At a recent training session, Miss Joshi learnt about some of the things that many students find difficult or confusing when learning about electricity.
In the training session we discussed some examples of the problems that many students have in learning about electricity and where we might encounter some of these in lessons.
We started with ideas about what a battery does, but it soon led into other areas of confusion. I hadn’t really thought about it before, but as we talked, I realised that I had seen this problem in some of my students that I had taught. They thought the battery was providing the charge, and needed to keep doing this because the charge was ‘used up’ as it went through components in the circuit. If they didn’t believe that the charge was there already and the battery provided the potential difference to make the charge move, then how could closing a switch make everything come on instantly? The idea of charge drifting along at millimetres a second doesn’t make sense unless the charge is already there …
As we talked about where some of the difficulties might occur in the Class X electricity lessons, I realised that having some of these misunderstanding and difficulties could cause problems again and again. I would need to take account of the possible difficulties when planning my lessons.
Pause for thought

This activity will help you to plan for teaching about electricity by considering what kinds of difficulties your students may encounter in particular lessons.
Look at each section of Chapter 12 in the Class X textbook and identify the key points and sources of difficulty in each section. Use Table 2 to record your ideas. (You will look at some possible strategies for countering these difficulties in a later activity.)
When you have finished, compare your notes to Resource 1,which includes some possible comments.
Section  Activity  Key teaching points/what do I want students to learn from activity and related text?  Sources of difficulty? 

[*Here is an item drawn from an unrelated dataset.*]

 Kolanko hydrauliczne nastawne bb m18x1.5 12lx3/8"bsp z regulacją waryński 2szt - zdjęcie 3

12.1  –  Current (measured in amperes) is the flow of charge (measured in coulombs) per second Current measured by an ammeter. Conventional current flow is from + to – Current and electron drift through a conductor. Current is instantaneous but drift speed is about 1mm s^{–1}  Charge is not something that is visible. Reconciling slow drift of electrons with instantaneous current. 
12.2  –  
12.3  –  
12.4  12.1  
12.2  
12.3  
12.5  12.4  
12.6.1  12.5  
12.6.2  12.6  
12.7  
12.7.1  
12.8 
Teachers use a range of models and analogies to help students to develop their knowledge and understanding of science concepts.

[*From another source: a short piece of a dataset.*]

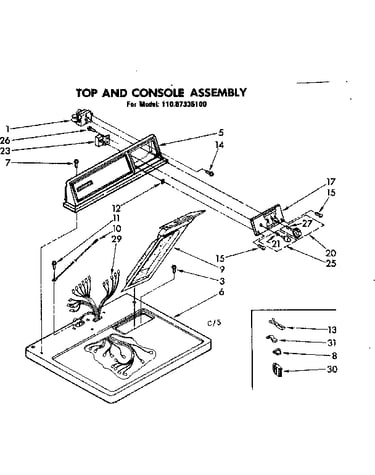 Top and console assembly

Models and analogies relate unfamiliar concepts and experiences to familiar, everyday ones. For example, an analogy often used to explain electric circuits is: ‘electric current in a conductor is like water flowing in a river or a pipe’.
Physical models use tangible, real objects to represent parts of an object or system (Figure 1). Students manipulate real objects to describe and explore concepts, processes and relationships. For example, you might model the effect of changing potential difference across an electrical circuit by tilting a track with marbles on it: the marbles don’t roll if the track is flat, but will roll from high to low if it is tilted. (The marbles are the current and the tilt is the potential difference.) If there is no potential difference, then no current will flow round the circuit. But if you increase the potential difference, the current will increase.

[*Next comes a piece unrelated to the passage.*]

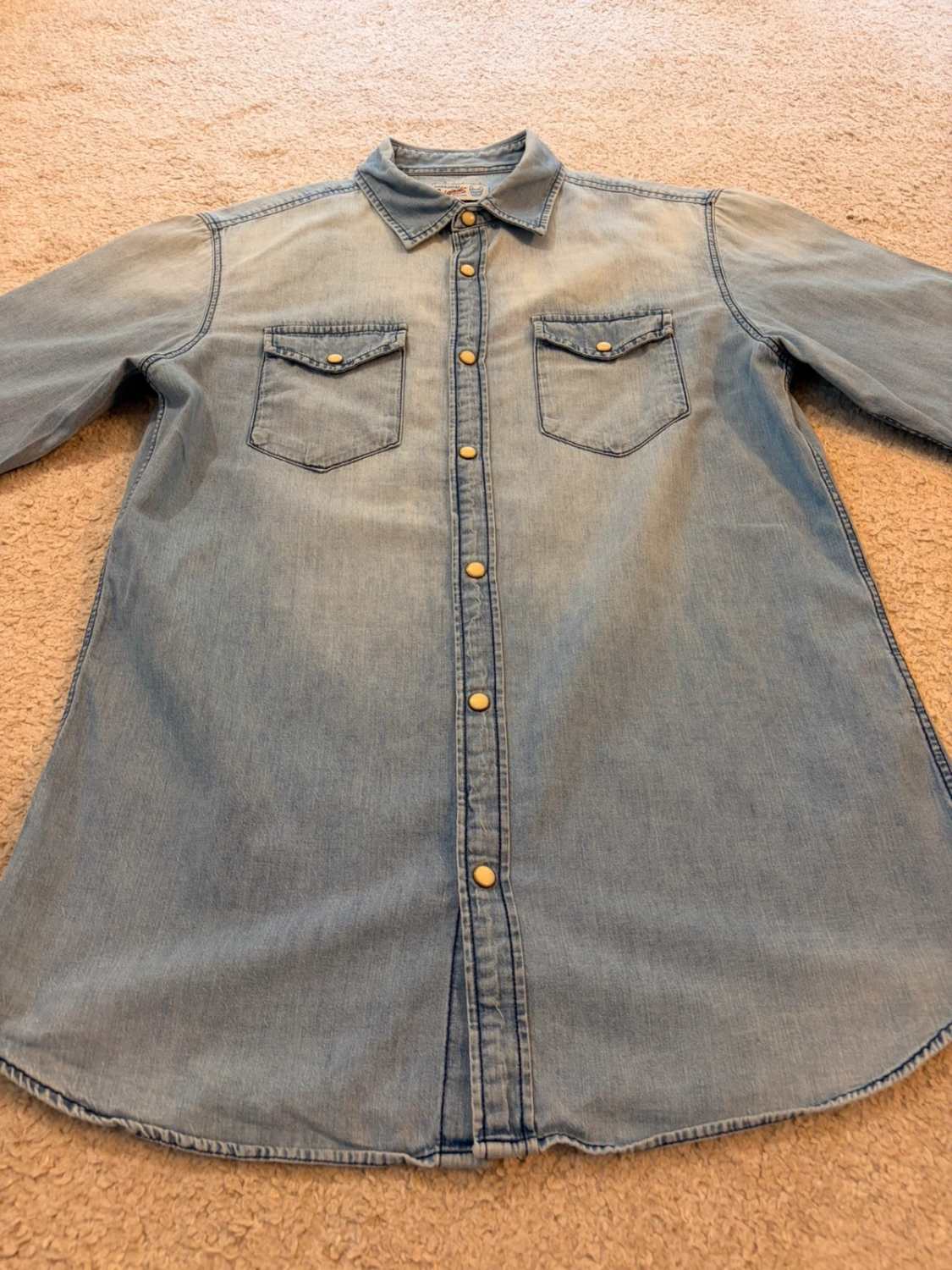 Chemise Jack & Jones Originals en Jean Bleu Clair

Physical models can include computer simulations, as well as the use of students themselves as part of the model. For example, students might take part in a role play activity where one person is the battery and pulls a loop of rope around; as it is supported by the group; the moving rope represents moving charge in the circuit. There are many computer simulations available on the internet. You could encourage your students to go to an internet cafe and find some.
A key point about using any model with your students is that it should be an interactive process. You should not simply tell your students what the model is: you should ask questions such as ‘What does this feature of the model represent?’ or ‘What represents resistance in this model?’, and encourage your students to explain their ideas. They will learn more if they have to identify the connections rather than simply being told.
Your students should also work in groups and discuss their ideas with each other. Using the model and talking about it should help your students to develop their understanding, and when you listen to your students’ comments and discussions it will help you to have a better understanding of where they have difficulties.
Mr Patel attended a training session at the local DIET and experienced the use of a role play model for electric circuits.(You can find descriptions of both these models in Resource 2.)
Last week I attended a training session about teaching electricity. I was surprised at first when the trainer told us that we were going to try out a model for electricity called ‘the rope model’. I had not met this model beforeand was even more surprised when I found out that it was a role play activity! I went back to school and tried it with Class X.
There were 50 students in Class X so I divided them into two groups of 12 and two groups of 13. Each group had a circle of washing line. I told them to hold it loosely in their hands. One person pulled it round.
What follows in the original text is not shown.